[Material for the task — start]
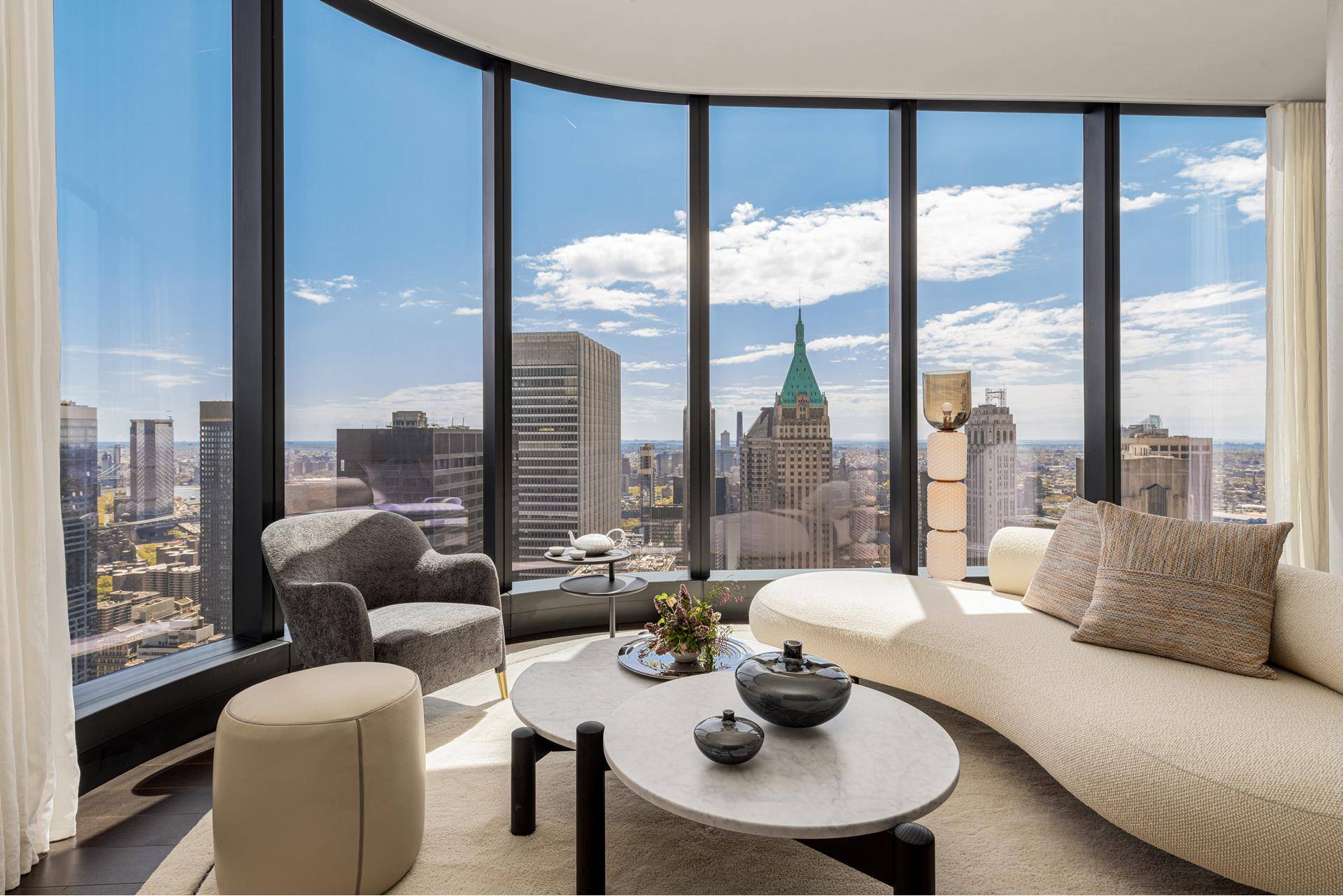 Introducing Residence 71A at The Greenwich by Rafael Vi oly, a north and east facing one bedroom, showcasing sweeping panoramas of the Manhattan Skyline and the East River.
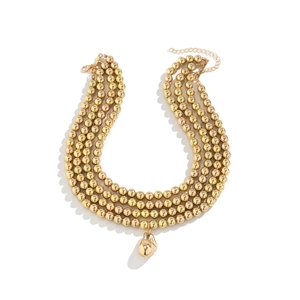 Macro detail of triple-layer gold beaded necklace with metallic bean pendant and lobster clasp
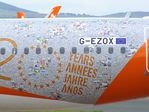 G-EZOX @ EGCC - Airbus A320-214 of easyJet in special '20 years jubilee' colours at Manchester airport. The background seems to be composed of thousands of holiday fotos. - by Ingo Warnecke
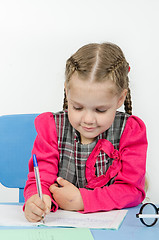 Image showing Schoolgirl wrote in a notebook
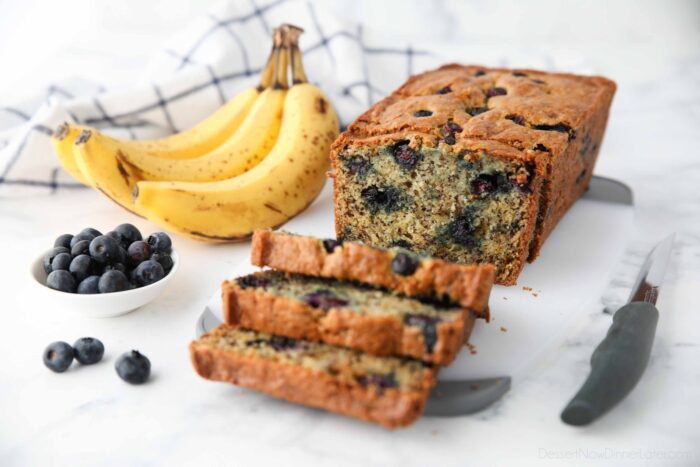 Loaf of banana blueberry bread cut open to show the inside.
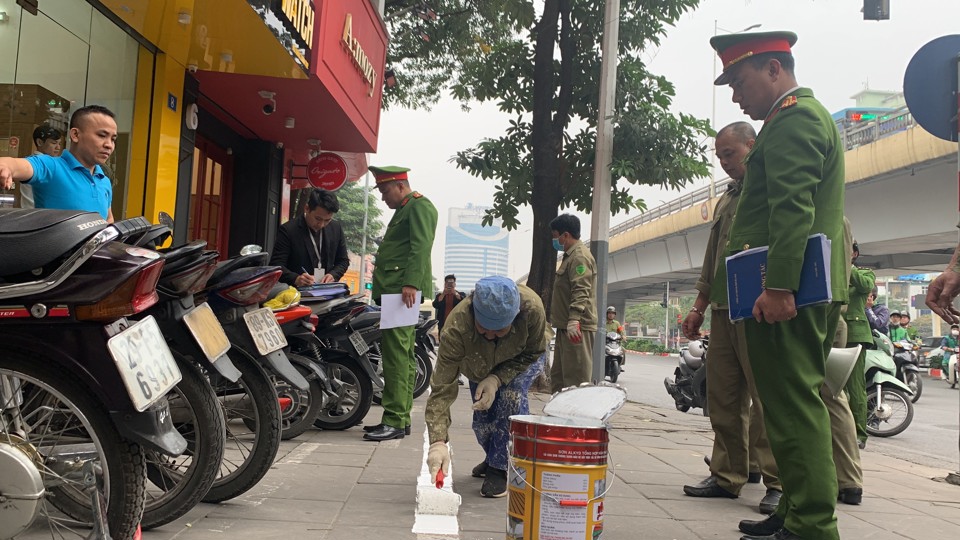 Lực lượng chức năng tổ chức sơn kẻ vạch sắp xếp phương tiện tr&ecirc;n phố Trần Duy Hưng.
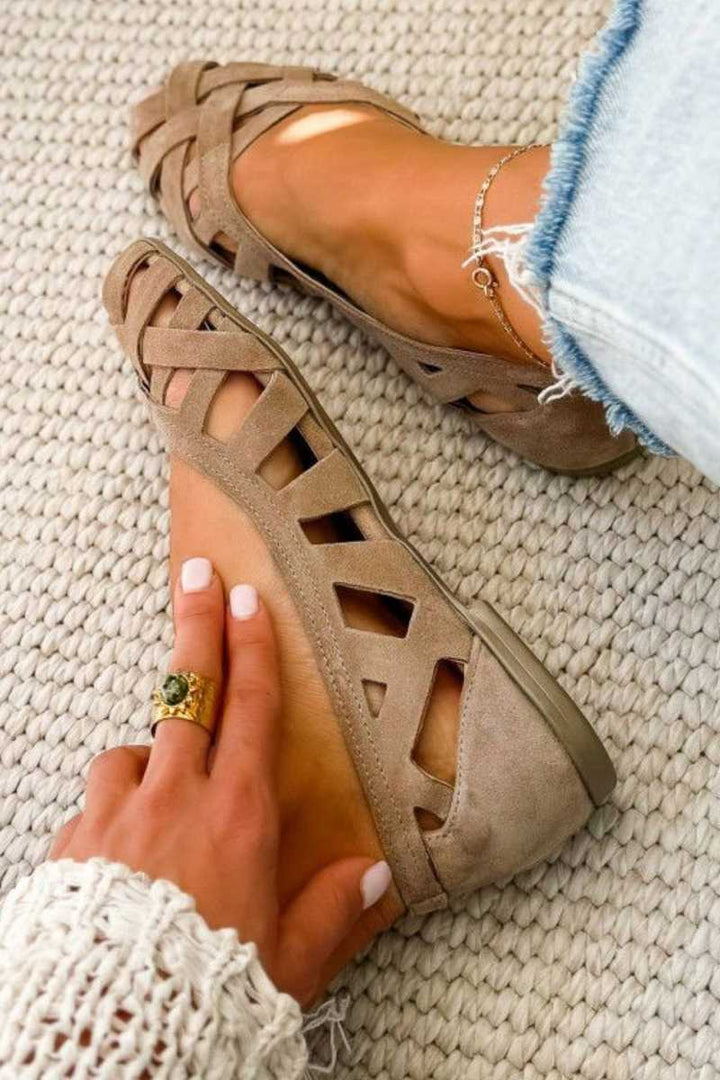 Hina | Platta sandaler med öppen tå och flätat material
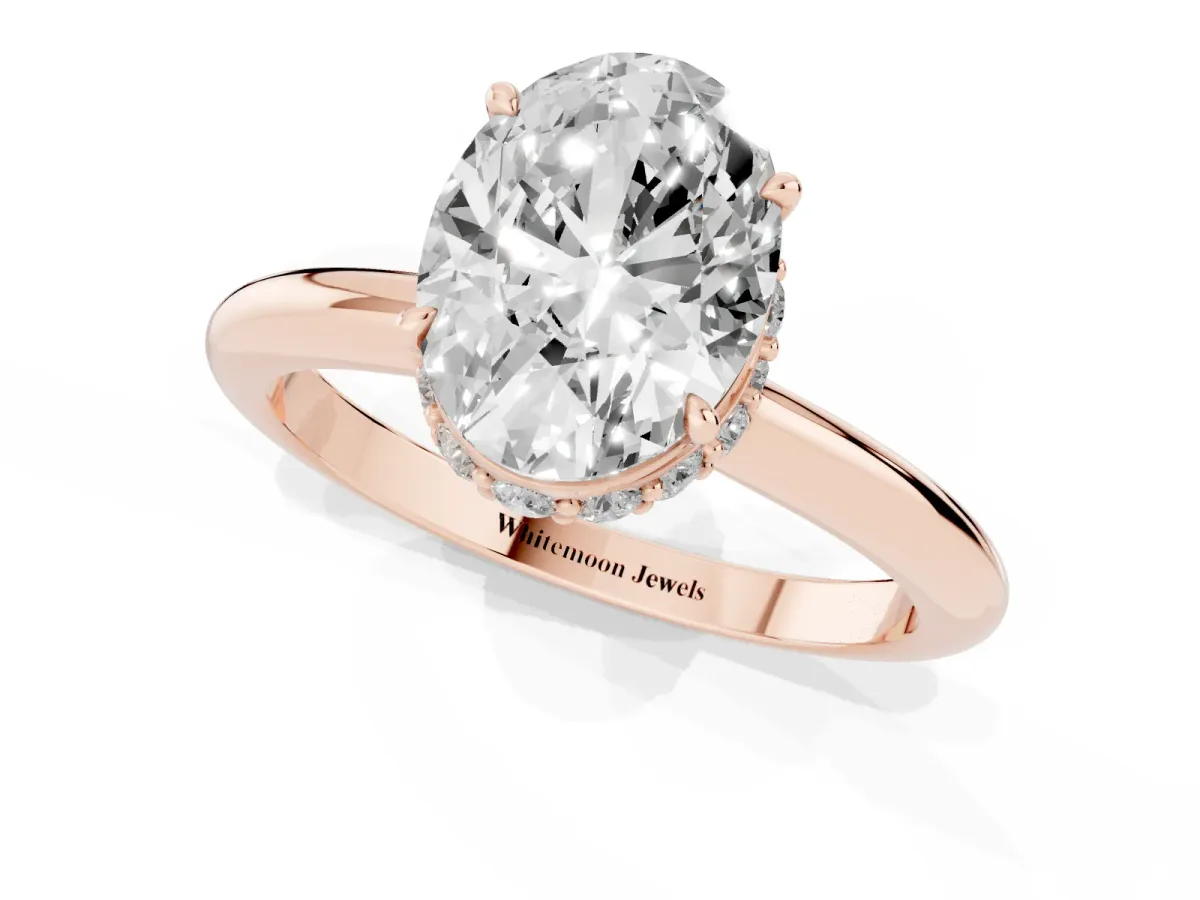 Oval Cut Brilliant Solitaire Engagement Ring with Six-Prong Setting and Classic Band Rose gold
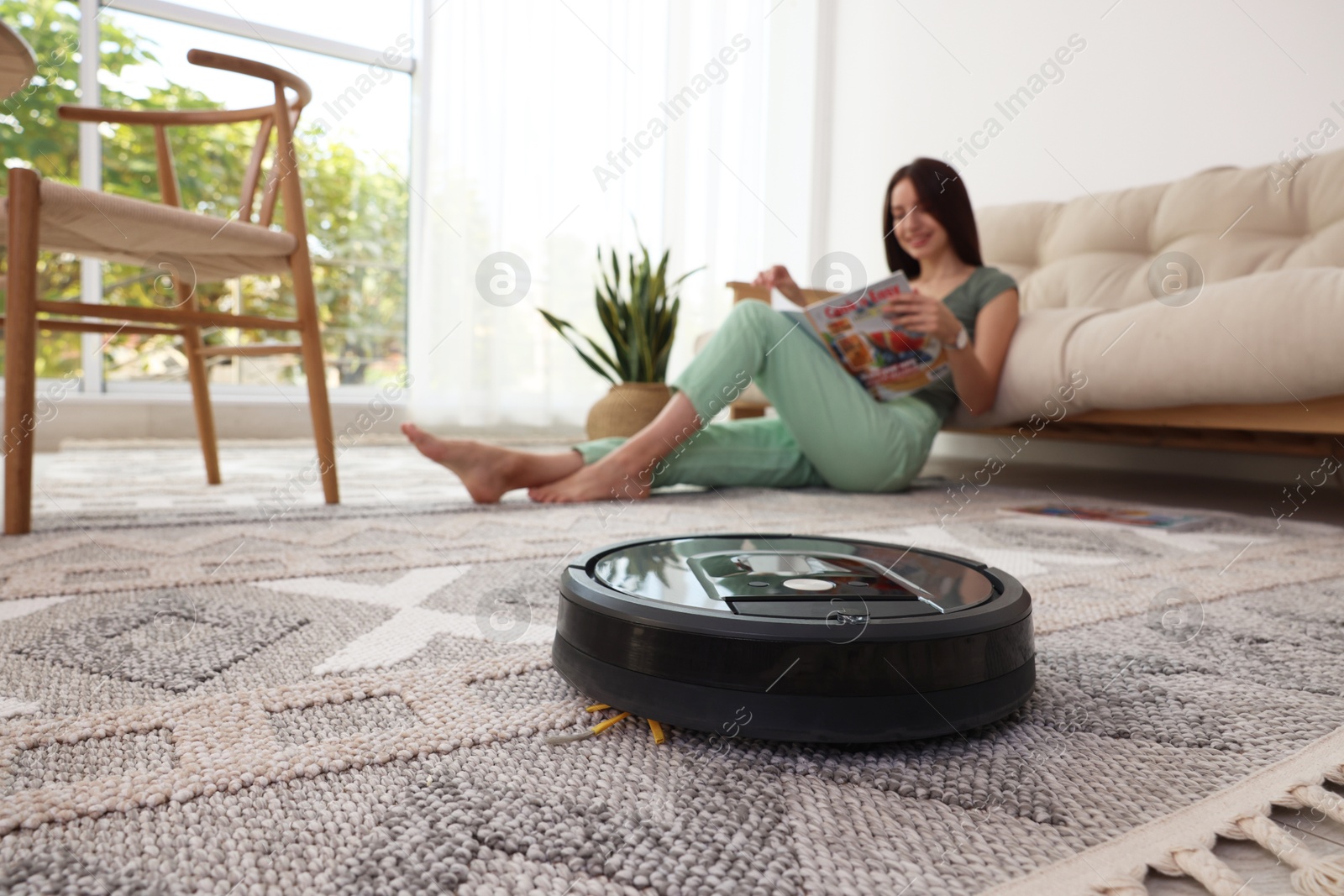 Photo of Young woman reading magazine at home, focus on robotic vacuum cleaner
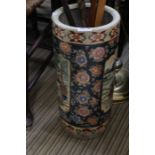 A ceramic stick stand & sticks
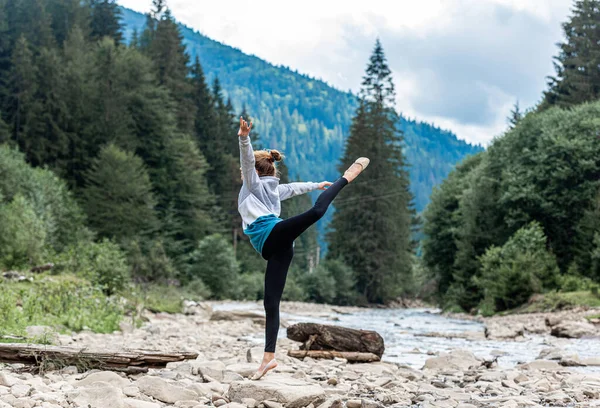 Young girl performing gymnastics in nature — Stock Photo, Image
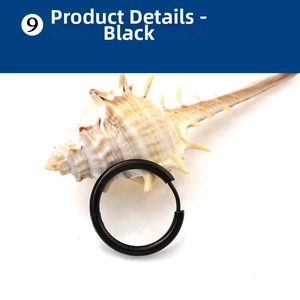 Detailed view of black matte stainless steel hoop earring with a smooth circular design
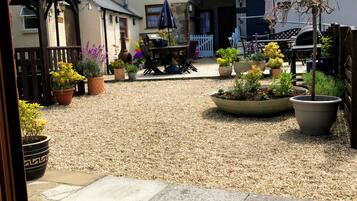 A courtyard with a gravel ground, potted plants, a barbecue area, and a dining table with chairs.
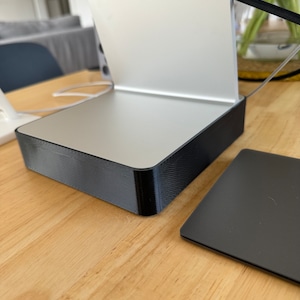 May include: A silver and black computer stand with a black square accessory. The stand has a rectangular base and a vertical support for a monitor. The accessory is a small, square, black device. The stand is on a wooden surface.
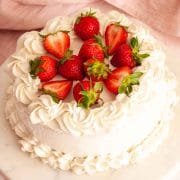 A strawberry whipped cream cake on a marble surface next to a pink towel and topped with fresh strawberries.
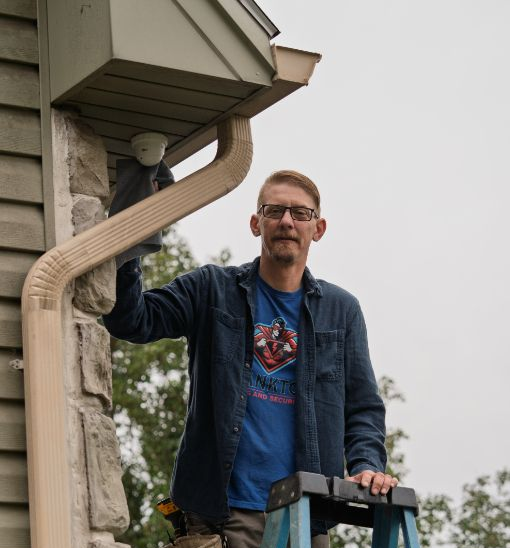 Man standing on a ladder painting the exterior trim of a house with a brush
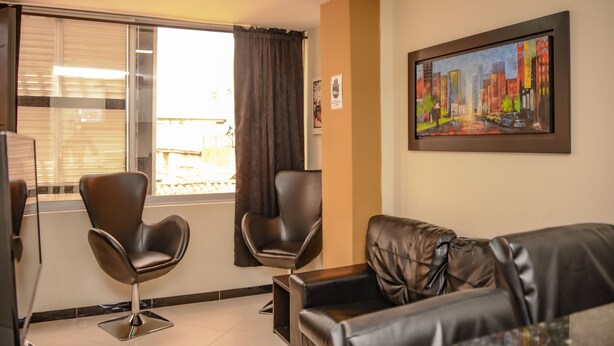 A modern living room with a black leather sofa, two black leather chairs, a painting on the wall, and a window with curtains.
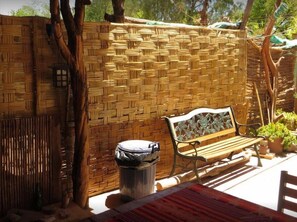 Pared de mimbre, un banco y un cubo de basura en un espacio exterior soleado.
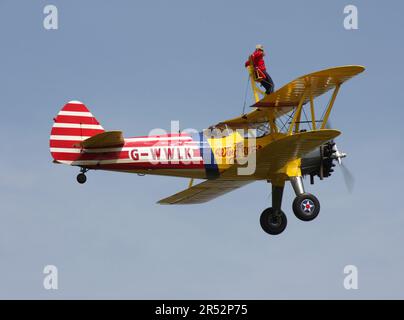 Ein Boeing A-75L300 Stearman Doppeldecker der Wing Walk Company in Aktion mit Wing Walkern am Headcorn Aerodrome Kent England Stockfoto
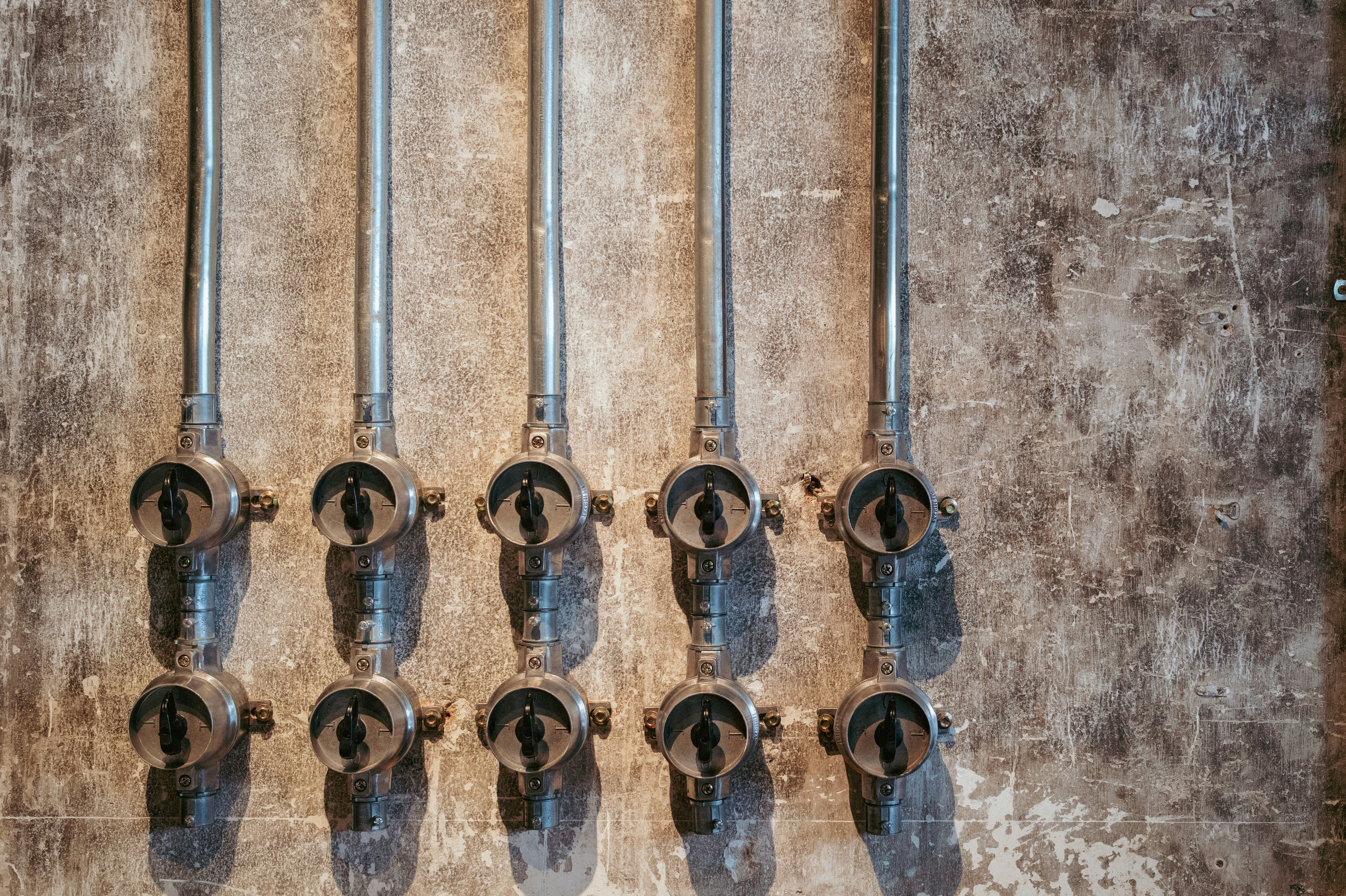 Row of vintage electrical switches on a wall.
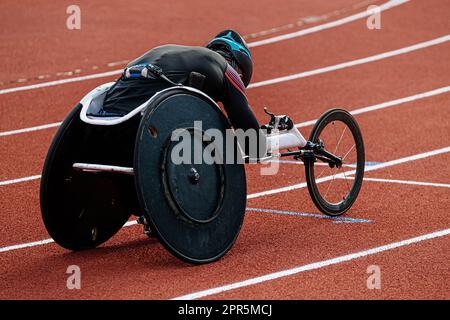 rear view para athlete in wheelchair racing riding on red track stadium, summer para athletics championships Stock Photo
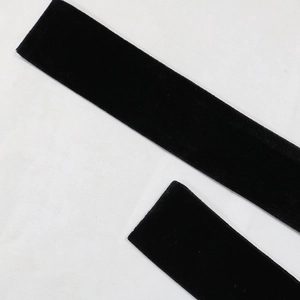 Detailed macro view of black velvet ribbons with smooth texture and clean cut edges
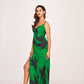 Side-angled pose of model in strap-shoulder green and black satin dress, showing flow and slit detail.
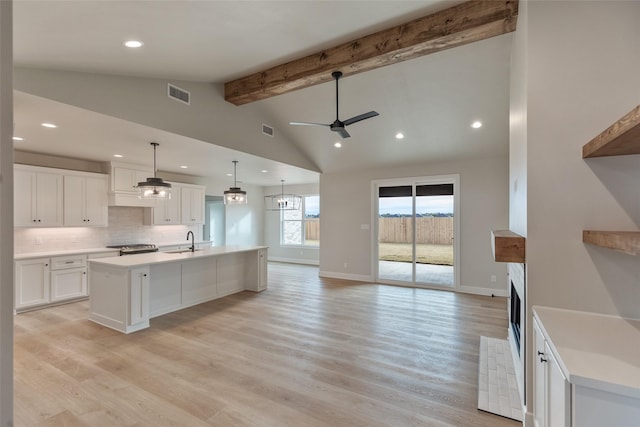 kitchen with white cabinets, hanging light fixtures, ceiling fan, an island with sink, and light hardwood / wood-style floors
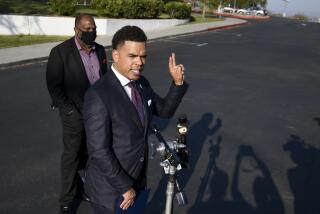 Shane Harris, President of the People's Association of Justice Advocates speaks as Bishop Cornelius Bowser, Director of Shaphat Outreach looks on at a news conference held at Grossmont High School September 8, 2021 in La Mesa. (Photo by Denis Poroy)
[Material for the task — finish]
Make an exact copy of the data above, pictures excluded.

Result -
 Introducing Residence 71A at The Greenwich by Rafael Vi oly, a north and east facing one bedroom, showcasing sweeping panoramas of the Manhattan Skyline and the East River.
 Macro detail of triple-layer gold beaded necklace with metallic bean pendant and lobster clasp
 G-EZOX @ EGCC - Airbus A320-214 of easyJet in special '20 years jubilee' colours at Manchester airport. The background seems to be composed of thousands of holiday fotos. - by Ingo Warnecke
 Image showing Schoolgirl wrote in a notebook
 Loaf of banana blueberry bread cut open to show the inside.
 Lực lượng chức năng tổ chức sơn kẻ vạch sắp xếp phương tiện tr&ecirc;n phố Trần Duy Hưng.
 Hina | Platta sandaler med öppen tå och flätat material
 Oval Cut Brilliant Solitaire Engagement Ring with Six-Prong Setting and Classic Band Rose gold
 Photo of Young woman reading magazine at home, focus on robotic vacuum cleaner
 A ceramic stick stand & sticks
 Young girl performing gymnastics in nature — Stock Photo, Image
 Detailed view of black matte stainless steel hoop earring with a smooth circular design
 A courtyard with a gravel ground, potted plants, a barbecue area, and a dining table with chairs.
 May include: A silver and black computer stand with a black square accessory. The stand has a rectangular base and a vertical support for a monitor. The accessory is a small, square, black device. The stand is on a wooden surface.
 A strawberry whipped cream cake on a marble surface next to a pink towel and topped with fresh strawberries.
 Man standing on a ladder painting the exterior trim of a house with a brush
 A modern living room with a black leather sofa, two black leather chairs, a painting on the wall, and a window with curtains.
 Pared de mimbre, un banco y un cubo de basura en un espacio exterior soleado.
 Ein Boeing A-75L300 Stearman Doppeldecker der Wing Walk Company in Aktion mit Wing Walkern am Headcorn Aerodrome Kent England Stockfoto
 Row of vintage electrical switches on a wall.
 rear view para athlete in wheelchair racing riding on red track stadium, summer para athletics championships Stock Photo
 Detailed macro view of black velvet ribbons with smooth texture and clean cut edges
 Side-angled pose of model in strap-shoulder green and black satin dress, showing flow and slit detail.
 kitchen with white cabinets, hanging light fixtures, ceiling fan, an island with sink, and light hardwood / wood-style floors
 Shane Harris, President of the People's Association of Justice Advocates speaks as Bishop Cornelius Bowser, Director of Shaphat Outreach looks on at a news conference held at Grossmont High School September 8, 2021 in La Mesa. (Photo by Denis Poroy)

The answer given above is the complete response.